After our arrival, Dave and Santa walked us around the city centre of Riga pointing our various highlights of the city. Riga is about 800 years old with amazing pre-Soviet architecture, parks, cobble-stoned streets, and is very clean. We were surprised to see lots of 'super model'-type women walking about the city centre in high heels. These were not the stereotypical eastern European women, but I didn't quite understand why they were walking on cobblestone streets in high heels. After having a drink at a high-rise bar that had an amazing view of the city, we soon found out why all the women were wearing high heels: apparently there is an annual race of the young workers (mostly females) around the streets of Riga and the women must wear high heels. I'm not sure what the point of this is, but we managed to see it and take some pictures. I hope no one twisted an ankle. We had dinner at a great Japanese place and hung out at their place that night. Friday we slept in, had some yummy pastries, walked around the city, went to the occupation museum, and then to this huge traditional Latvian resturaunt for dinner. After dinner, while Dave was at a previous engagement, Santa took us to a wine studio that just opened down the street from their apartment. It was a very cool place with good wine and appetizers. Dave joined us later and we had a great time chatting about how Santa and her friend, who was with us, had grown up under the Soviet occupation and how different things were now. On our third day in Latvia we went to a resort town on the coast of the Baltic Sea where we walked around and hung out on the beach. That night we asked Dave and Santa what was their favorite resturaunt and took them out to dinner there. We went to this great Indian place that had, not only great food, but great atmosphere. For our final day in Latvia, we took a drive into the countryside and stopped at: the YWAM camp, a town that is trying to maintain it's historic atmosphere and is used to shoot old Soviet and German-era movies, Europe's widest waterfall, and lastly we went to Santa's parent's apartment on the coast and her mom cooked a traditional Latvian meal for us .

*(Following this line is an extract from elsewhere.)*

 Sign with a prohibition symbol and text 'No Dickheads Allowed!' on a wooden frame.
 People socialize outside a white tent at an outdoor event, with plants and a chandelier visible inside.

The following day we left Latvia for London by air and had about five hours to kill before our train left for Sheffield. During those five hours we went to the British Museum and saw the Egypt, Assyrian, Greek, and Roman galleries. The Holy Land gallery was closed, unfortuneatly; but I was able to see the Rosetta Stone and the black obelisk of Shalmanasser, which talks about and depicts King Jehu of Israel bowing before the Assyrian king. I was so happy to finally see these artifacts I've studied about for so long.
We had such a wonderful time in Lativa and highly recommend Riga as a vacation / holiday destination. We learned from an American friend at the end of our travels that Riga is considered the Paris of the North. I'm not sure I would put it in the same category as Paris, but it is a beautiful hidden gem.